オーストラリア 2014
監督 スピエリッグ・ブラザース
原作 ロバート・A・ハイライン
まあその、すごく簡単に言っちゃうならタイムパトロールのお話なんですけど、え、これは一体どこへ向かおうとしているの?と、一切の予測を許さない緊張感はしっかりありました。
特に序盤、ジェーンの身の上話が延々と続く展開は、なんだこれ、全然違うジャンルの映画じゃないかよ、と思わず首を傾げたほど。
もう軽く50年ぐらいのスパンでびゅんびゅん行ったり来たりしますんで、集中して見ないと筋がわからなくなる危険性はあったりするんですが、だからといって突き放してるわけでもなく、雑なわけでもない、というのがこの作品の凄さでしょうね。
高い構築性を私は感じました。
いやこれ、シナリオも撮影も編集も大変だったと思う。
オチも見事。
ああっ、そうだったのかあ、と驚かされる仰天の結末が待ち受けています。
タイムパラドックスの盲点を突いたかのようなアイデイアにはつくづく感心。
鶏が先か、卵が先か、このセリフの意味するところの皮肉な結末は、まさにSFの醍醐味を体現している、と言っていいでしょうね。
ただ私が唯一ひっかかったのは、これはいわば主人公自身の物語であって、主人公と世界を描いた物語ではない、という点。
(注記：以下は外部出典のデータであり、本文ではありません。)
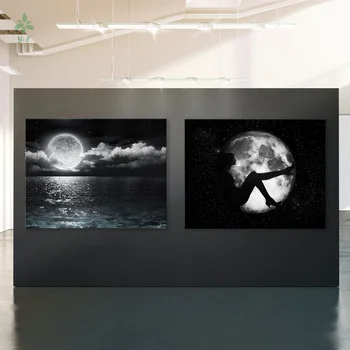 Mēness Komplektā Eļļas Gleznu Druka Uz Kanvas Mākslas Darba Iekštelpu Apdares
なにか事件なり出来事なりがあって、副次的にこのストーリーが浮き上がってきた、と言うならわかるんです。
ただ自己完結しちゃってる、ともとれるんですね。
ああ、ネタバレしそうなので、もうこれ以上書けません。
原作は未読なんでどの程度改変があったのかわかりませんが、なんせ巨匠ハイラインですんで、そのあたり、手抜かりはないのでは、と思ったりもするんですが、うーん、どうなんでしょう。
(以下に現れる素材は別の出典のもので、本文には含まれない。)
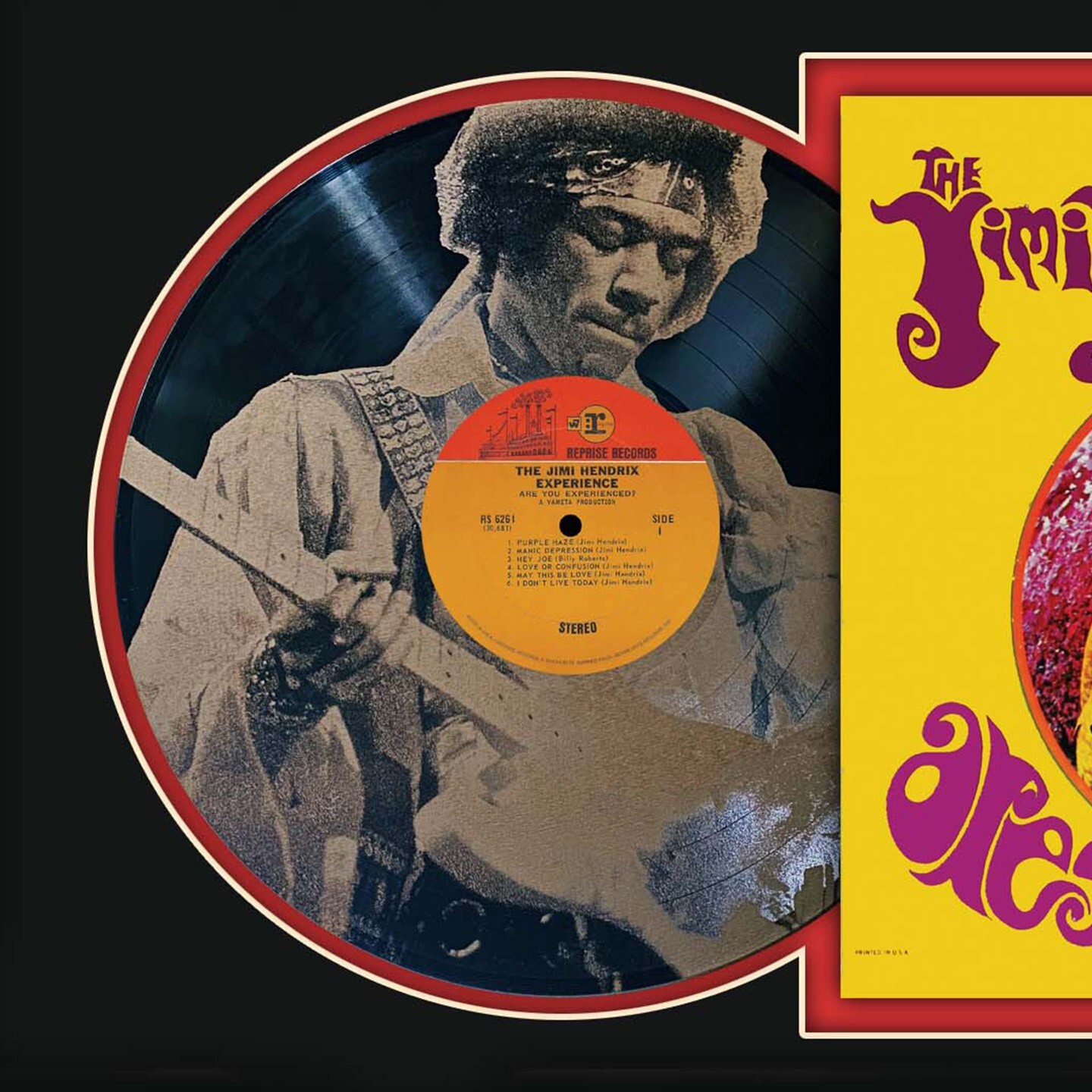 Jimi Hendrix Are You Experience Limited Edition Laser Etched Black Vinyl Display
まずは世界を、というのは欲張りなのかもしれませんが、もしそれがあったなら後世に名を残す傑作になったのでは、と思わなくもありません。
間違いなく相当にハイレベルな本格SFですが、複雑なストーリーを映像として形にするのに囚われすぎて、物語全体を俯瞰できなかったか、という気もします。
面白いのは確かなんですけどね。